Onlar, gafil yaşarlar, nefislerini
sorgulamazlar.
Onlar, kâinat kitabını okumazlar.
Okumalarımın neticesinde insana dair
söylemlerin kalem ile zikredilmesinin sebebine gelince;
Bayram tatili boyunca insan denen varlığın ikili iletişim ve
ilişkilerinde tavır ve davranışlarını gözlemleme gereği duymama
vesile olacak enstantaneler yaşadım.
İnsanların çıkarlar doğrultusunda birbirleri ile olan iletişim
şekilleri beni bir kez daha düşündürdü ve bu kelamlar kaleme
dökülmüş oldu.
Bu yüzden de; “İnsan hayvanilikle ilahilik arasında bir
varlıktır.” cümlesini giriş için serlevha olarak
yazdım.
İnsan olmanın bedeli olduğu gibi Müslüman hatta şahsiyetli
Müslüman olmanın da bedeli vardır.
Birkaç sene önceki yazılarımda dile getirmiştim; 40 yaşına
yaklaştıktan sonra daha yeni yeni İslam'ı anlamaya aday olduğumu
müşahede etmeye başlamıştım. Dünyevi manada ki müflisliği tecrübe
etmiş biri olarak Rabbimin beni ağır imtihanlardan geçirmesi
gerekiyordu belki de…
Farkında olmadan kulluk ettiğimiz onca “İlâh ve Rabb” arasından
gerçek anlamda bizi terbiye eden ve tek olan İlahı bulabilmek için
kendimizi Müslüman kelimesinin anlamı içerisinde gezintiye
çıkarmayı öneriyorum.
Çevremde, özelde kendimden yola çıkarak dini değerlerin dar bir
alana hapsedildiğini görmekteyim.
Din özel anlarda yaşanılası, özel durumlarda geçerliliği
olan bir olgu haline gelmiş durumda.
Günümüz fotoğrafında çok net bir şekilde
görülen; namaz kılan, dini değerler hassasiyetine sahip
olduğunu söyleyen ve kendisini inançlı bireyler olarak atfedenler,
bu söylemlerin tam tersi bir eylem içerisine girebiliyorlar!
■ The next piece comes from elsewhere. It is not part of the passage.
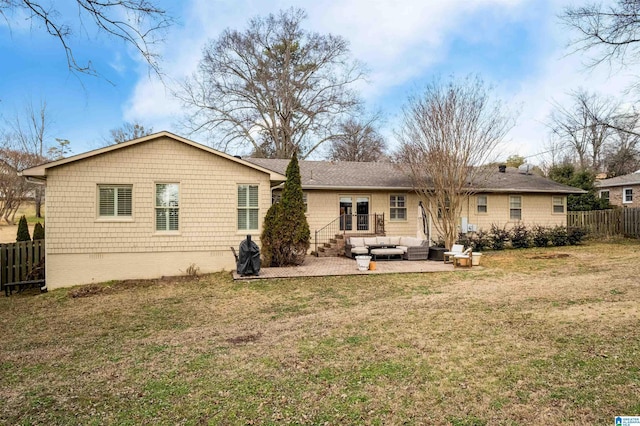 rear view of house with a patio area, an outdoor living space, a yard, and fence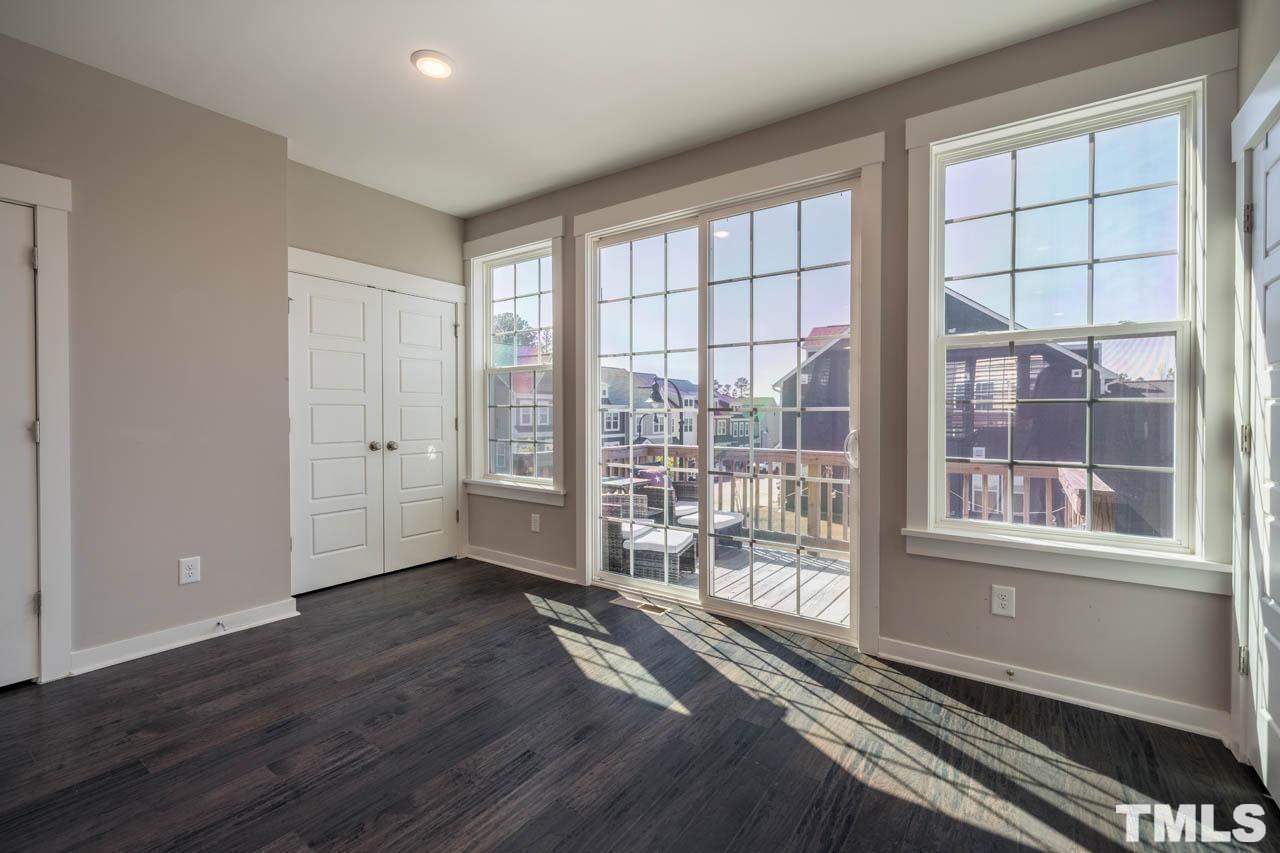 444 Rally Point Place Wake Forest, NC 27587 - Photo 21 of 38 wooden floor and windows in an empty room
Toplum olarak dünya ve içindeki güzellikler bizim için esas gaye
halini almış durumda.
İnsan varlık olarak mucizevi biçimdedir lakin bunu münferit
planda değerlendirmemek lazım gelir.
Unutmayalım ki! Allah’ın özel kulu yoktur.
Kendimizi bir takım apoletlerimizden ve özgüvenimizden dolayı özel
kul olarak görüyorsak Peygamberlerin dahi özel lütuf görmediğini
bilmiş olalım.
SOSYAL MEDYA TAKİP
İÇİN!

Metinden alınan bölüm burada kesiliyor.